### What you should do
The lines below, from the first through the one containing "Darkness to Light", are to be given again exactly, with pictures left out and nothing added.

### Recorded data
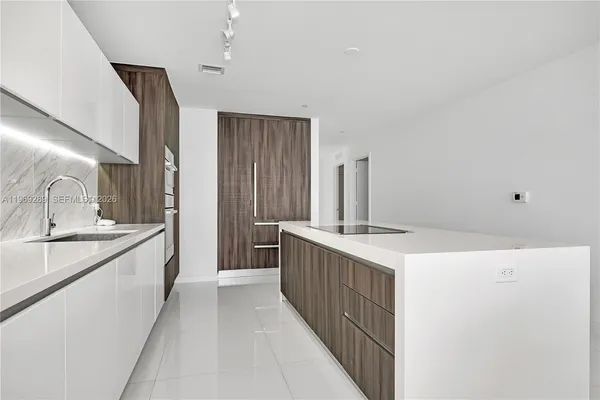 a kitchen with a sink stove and cabinets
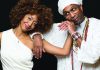 Darkness to Light Yilian Cañizares and Omar Sosa pose together in white attire in a studio portrait.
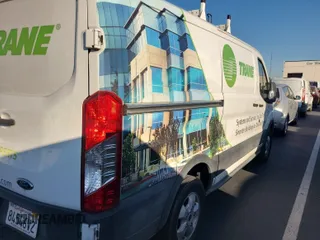 2019 Ford Transit with VIN 1FTYR1YG8KKB48274, listed as a IAAI auction lot 42191093 with 123,479 mi miles and . Bid and sale history available at carsss.com. Image 1.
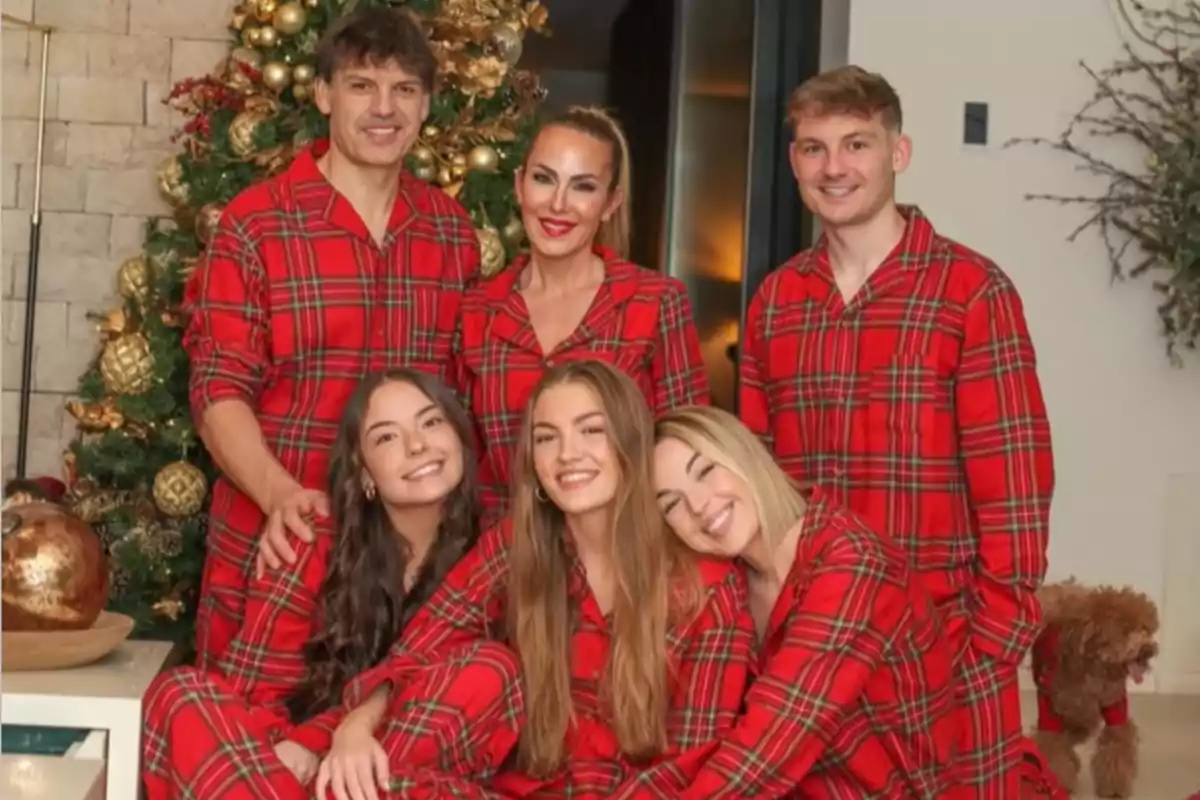 Familia posando frente a un árbol de Navidad, todos usando pijamas rojas a cuadros y un perro pequeño también con pijama similar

### Written solution
 a kitchen with a sink stove and cabinets
 Darkness to Light Yilian Cañizares and Omar Sosa pose together in white attire in a studio portrait.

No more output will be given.